● **Records for the task**
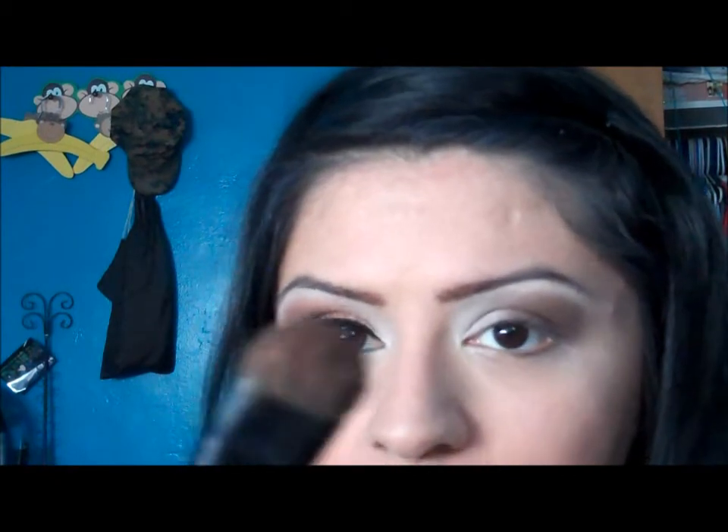I'm going to get my smudge brush by BH Cosmetics and take my tropical matte eyeshadow palette. I'm going to take that orange right there, get some more on the brush, and apply it right there — taking it only as far as that — and just blend it into the brown. I'm going to take some more of the same color just to darken it and kind of brush it on top of the brown right there.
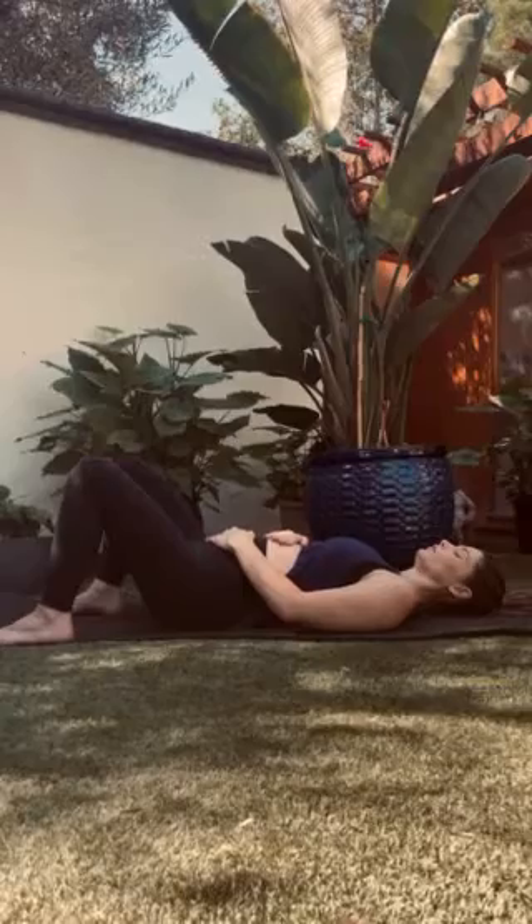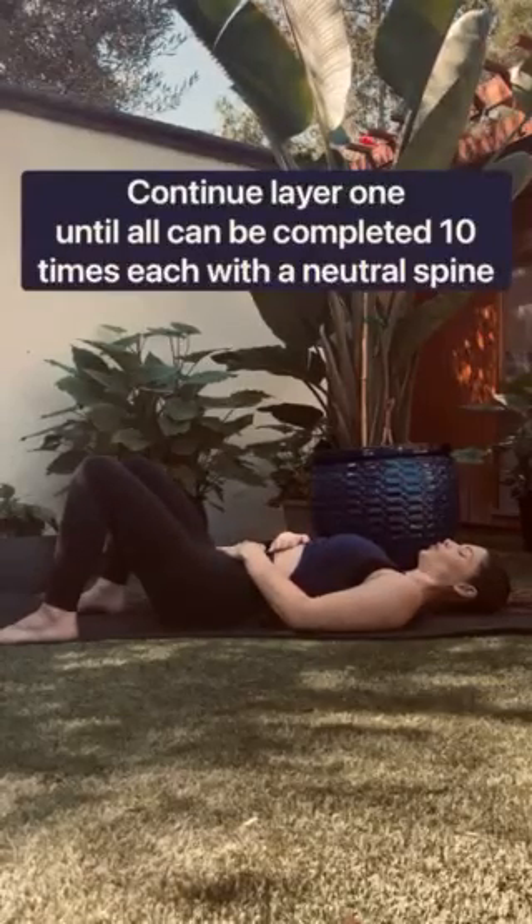I'm actually having a little bit of trouble with this step of the layer, so I'm going to continue to work on this layer until I can confidently move on. Slow and steady, mamas.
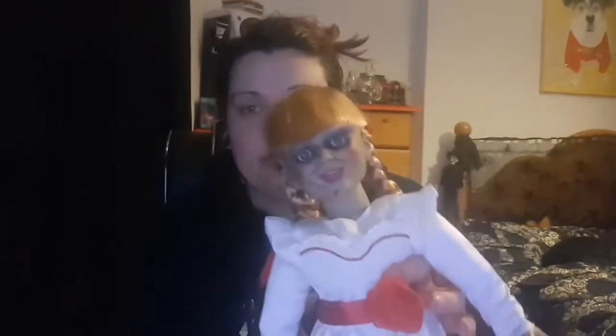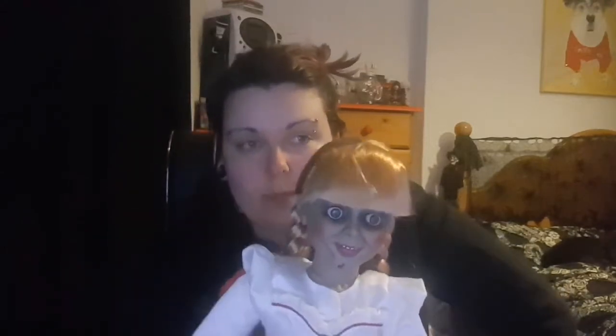You probably can't get the exact one from the film, but obviously that one's more expensive. I did look online and the official Annabelle doll from the film was going for like thousands on eBay, which is a lot of money. But yeah, she can go with my collection.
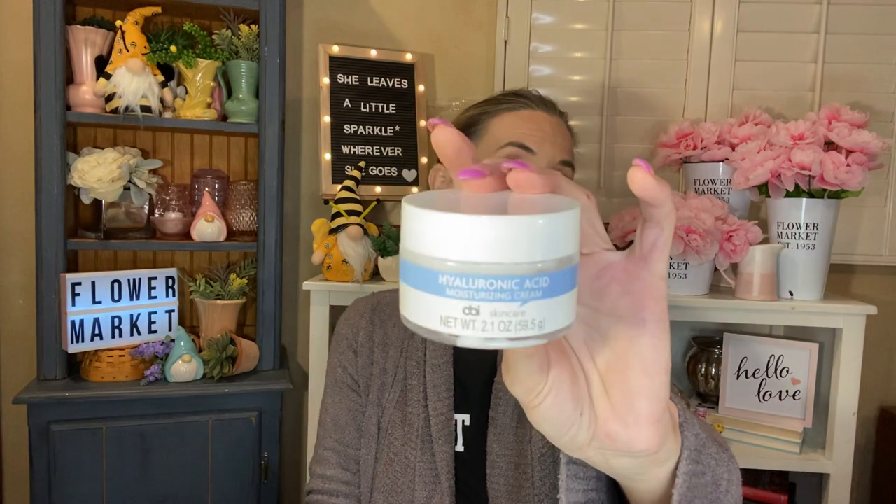I also finished two skincare products. These are the OBI Skincare. The first is the Hyaluronic Acid Moisturizing Cream — you get 2.1 ounces in a little jar. It's a basic, lightweight, really nice moisturizer. It lasted me a couple of months. Really like that. And then along with that, I also have the Hyaluronic Acid Serum — you get 1.2 ounces in here. At $1.25, you're still reasonably priced for this small amount of serum. It's really nice, it did help with hydration, and I would probably pick this up again. I think it's a great deal for $1.25.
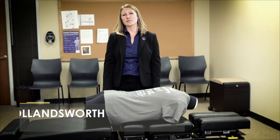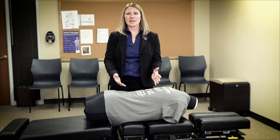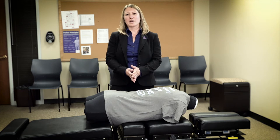Hello, my name is Dr. Dana Hollinsworth. Welcome to the Force Sensing Lab. I am a faculty member here at Parker, and I have the challenge and the opportunity of bringing all 750 of our students through this one table, using one mannequin, so they can learn feedback on their adjustments.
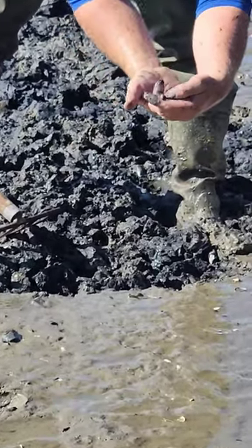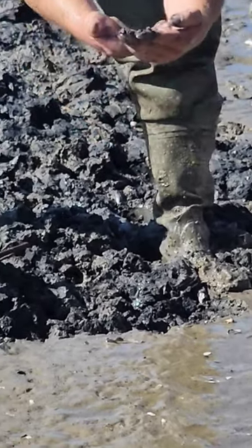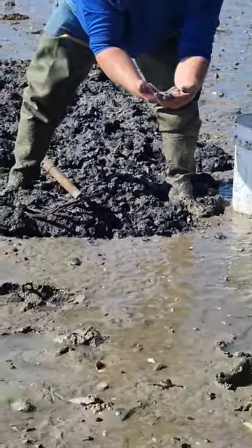Look at the head come out on that worm. They actually have four fangs. They do bite and they're one of nature's best fishing baits. If you ever use these guys, be careful — they can bite you.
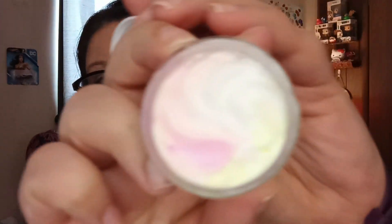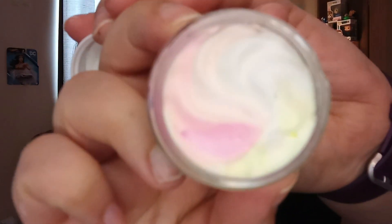First, we have the Amana Birthday Cake Mini Body Butter. You can see it. Very pretty. Smells like birthday cake.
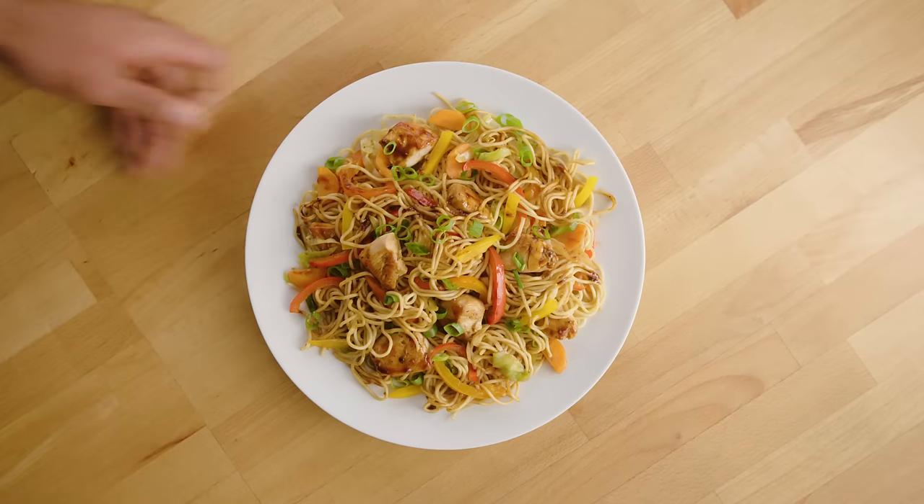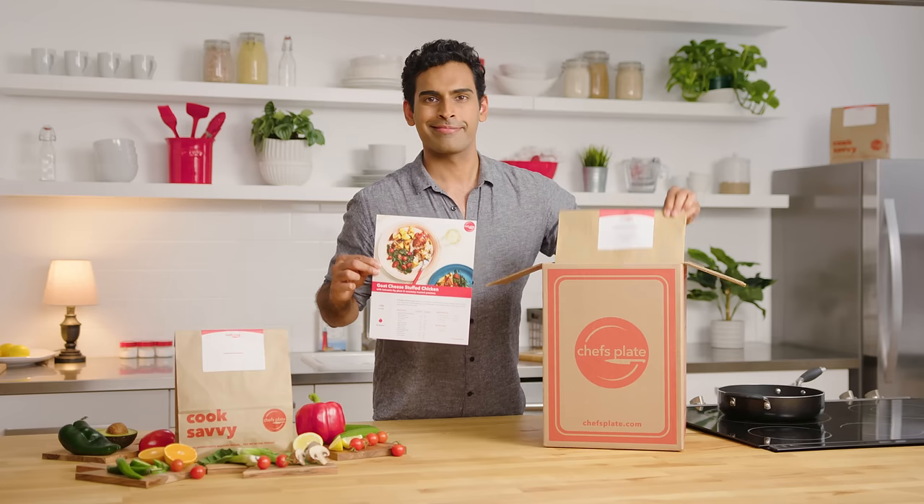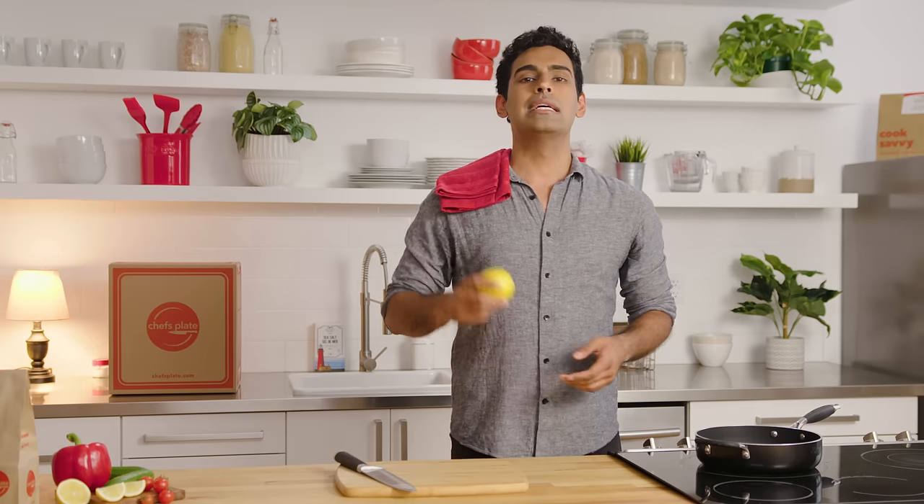If you can do that, you can do this and this — and all you need is this. That, my friends, is all you need to conquer the kitchen.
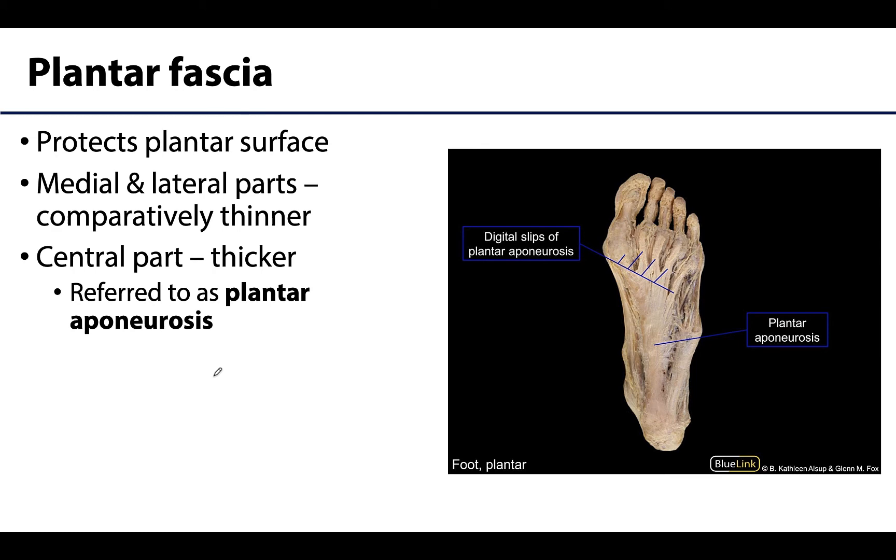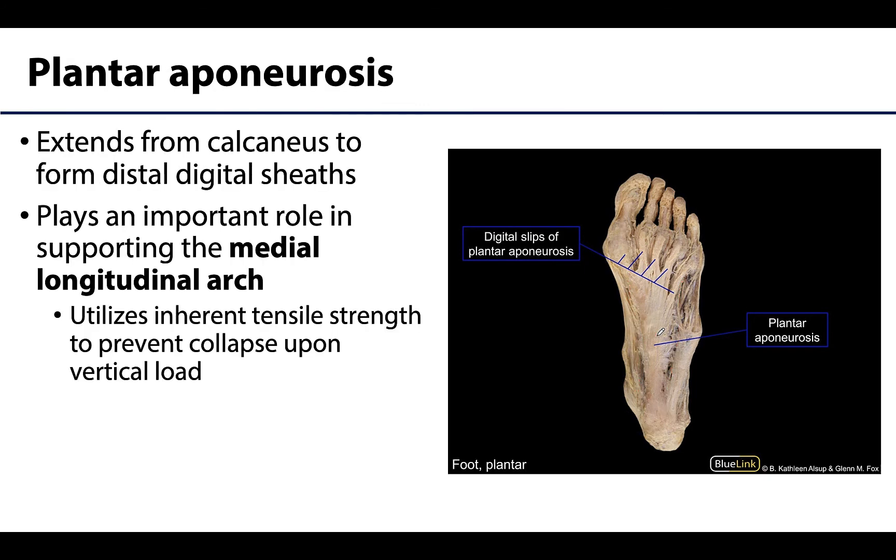The medial and lateral parts of the plantar fascia are comparatively thinner than the central part, which is quite thick and forms this strong region referred to as the plantar aponeurosis. This plantar aponeurosis is hard to miss as it extends from the calcaneus, attaching to the medial tubercle of the calcaneus, and distally it divides into five bands which form fibrous digital sheaths that enclose the flexor tendons.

● **Task instructions**
Leave out every picture and transcribe the remaining entries exactly.

● **Output for this exercise**
I'm going to get my smudge brush by BH Cosmetics and take my tropical matte eyeshadow palette. I'm going to take that orange right there, get some more on the brush, and apply it right there — taking it only as far as that — and just blend it into the brown. I'm going to take some more of the same color just to darken it and kind of brush it on top of the brown right there.
I'm actually having a little bit of trouble with this step of the layer, so I'm going to continue to work on this layer until I can confidently move on. Slow and steady, mamas.
You probably can't get the exact one from the film, but obviously that one's more expensive. I did look online and the official Annabelle doll from the film was going for like thousands on eBay, which is a lot of money. But yeah, she can go with my collection.
I also finished two skincare products. These are the OBI Skincare. The first is the Hyaluronic Acid Moisturizing Cream — you get 2.1 ounces in a little jar. It's a basic, lightweight, really nice moisturizer. It lasted me a couple of months. Really like that. And then along with that, I also have the Hyaluronic Acid Serum — you get 1.2 ounces in here. At $1.25, you're still reasonably priced for this small amount of serum. It's really nice, it did help with hydration, and I would probably pick this up again. I think it's a great deal for $1.25.
Hello, my name is Dr. Dana Hollinsworth. Welcome to the Force Sensing Lab. I am a faculty member here at Parker, and I have the challenge and the opportunity of bringing all 750 of our students through this one table, using one mannequin, so they can learn feedback on their adjustments.
Look at the head come out on that worm. They actually have four fangs. They do bite and they're one of nature's best fishing baits. If you ever use these guys, be careful — they can bite you.
First, we have the Amana Birthday Cake Mini Body Butter. You can see it. Very pretty. Smells like birthday cake.
If you can do that, you can do this and this — and all you need is this. That, my friends, is all you need to conquer the kitchen.
The medial and lateral parts of the plantar fascia are comparatively thinner than the central part, which is quite thick and forms this strong region referred to as the plantar aponeurosis. This plantar aponeurosis is hard to miss as it extends from the calcaneus, attaching to the medial tubercle of the calcaneus, and distally it divides into five bands which form fibrous digital sheaths that enclose the flexor tendons.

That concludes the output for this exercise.